Print the listing below again, exactly. Skip the pictures.

*RAW DATA*:
□ □ □
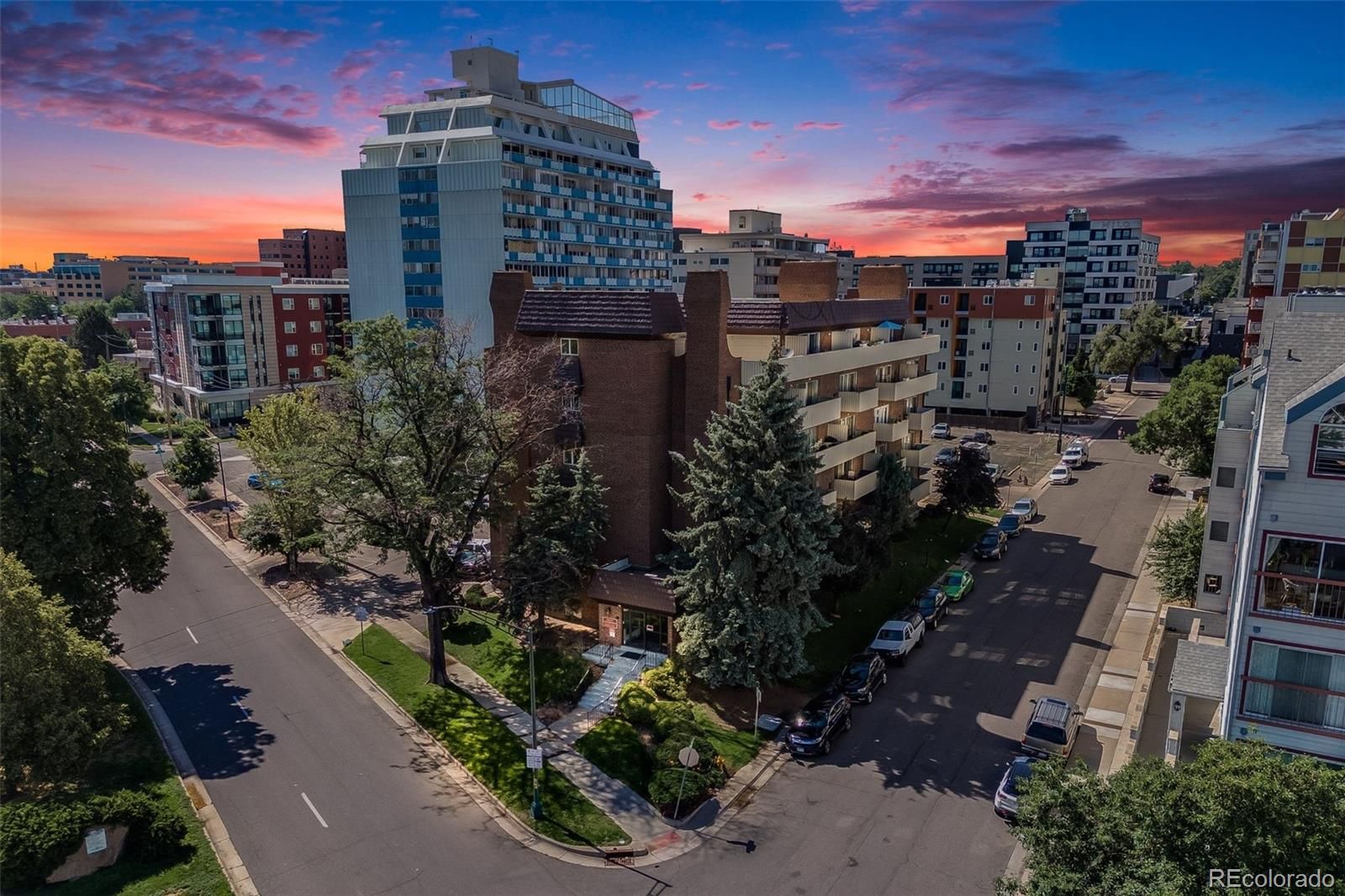 4110 Hale Parkway 6C
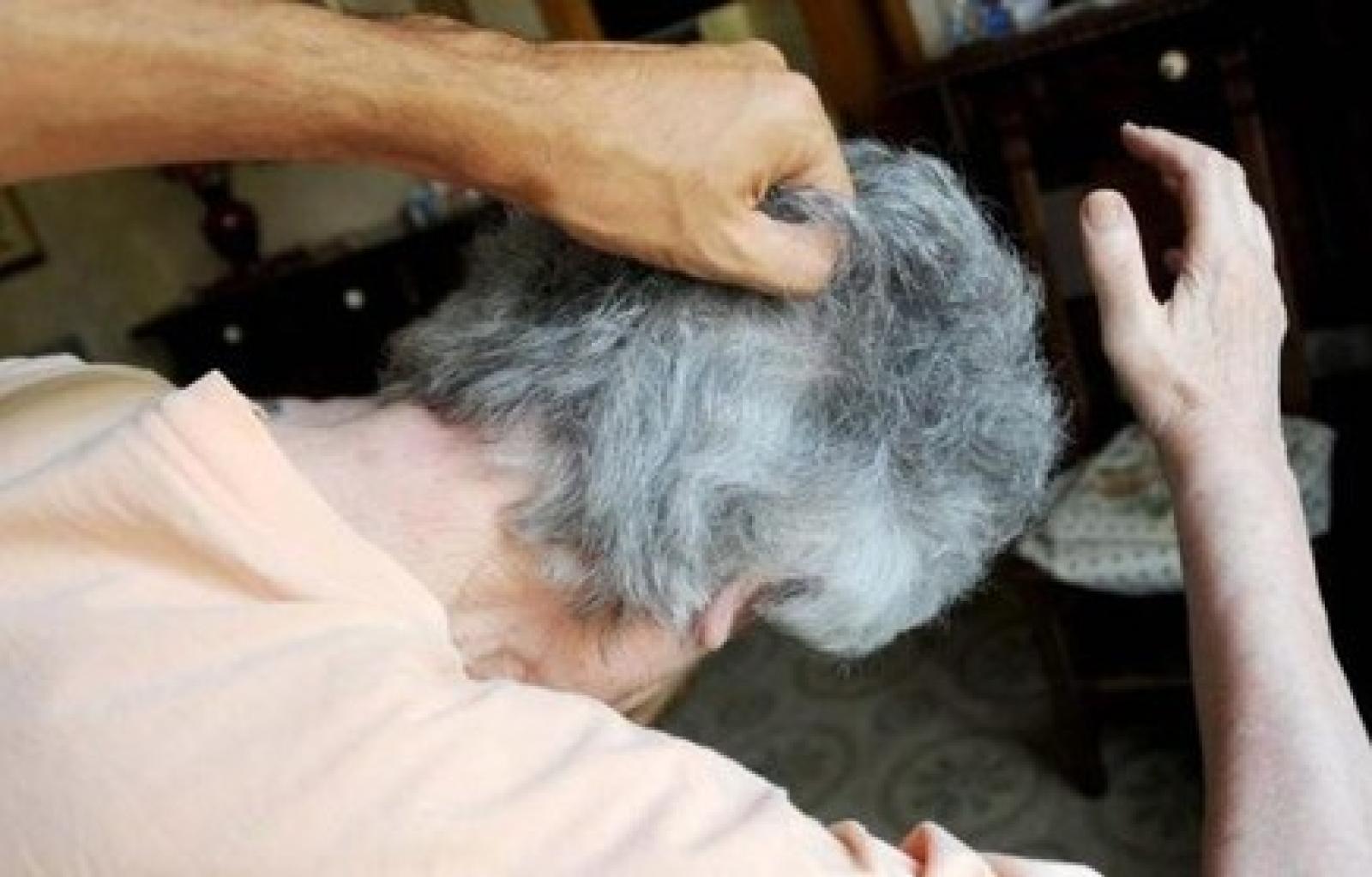 violenze maltrattamenti anziani.jpg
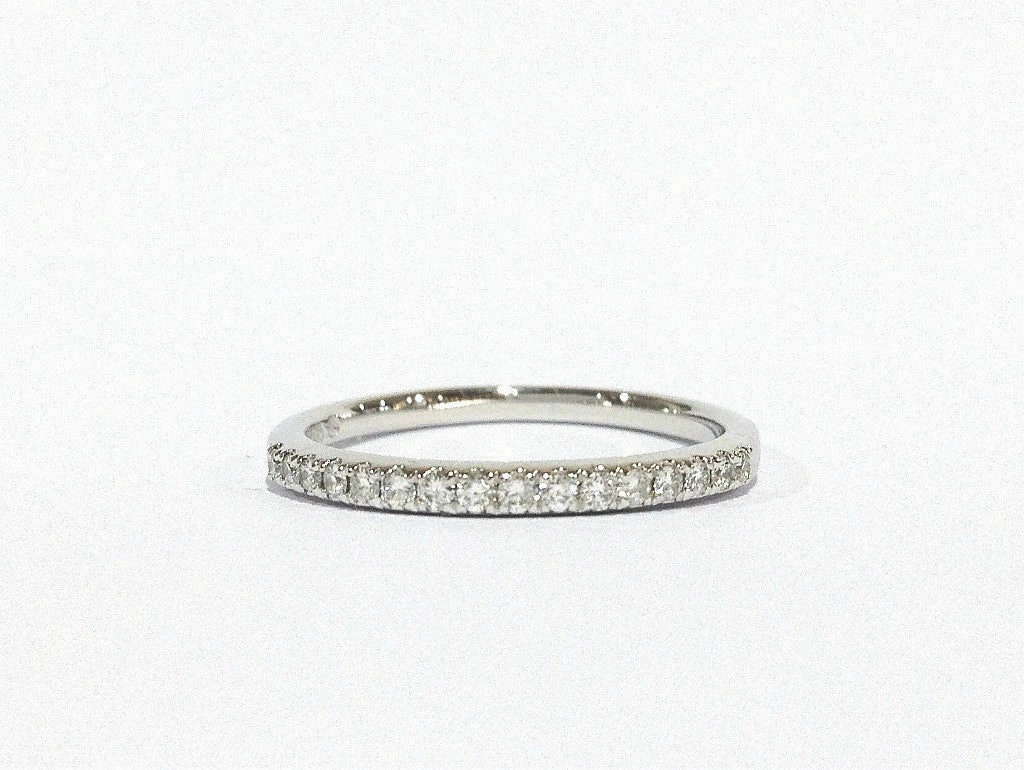 Round Diamond Channel Set Band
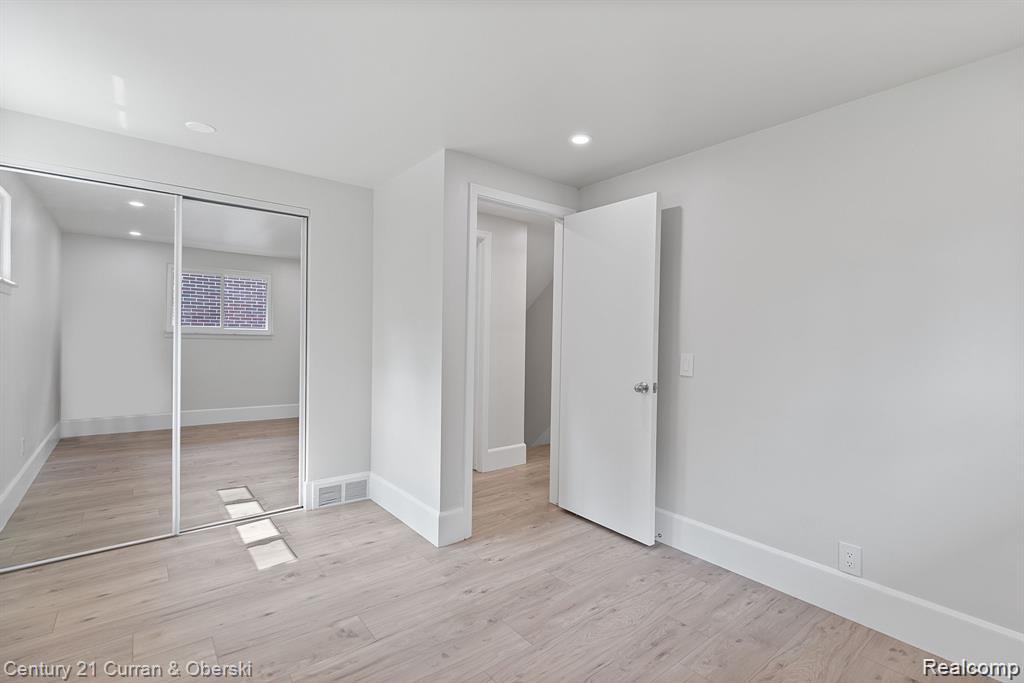 1386 Three Mile Drive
□ □ □
*OUTPUT BELOW*:
 4110 Hale Parkway 6C
 violenze maltrattamenti anziani.jpg
 Round Diamond Channel Set Band
 1386 Three Mile Drive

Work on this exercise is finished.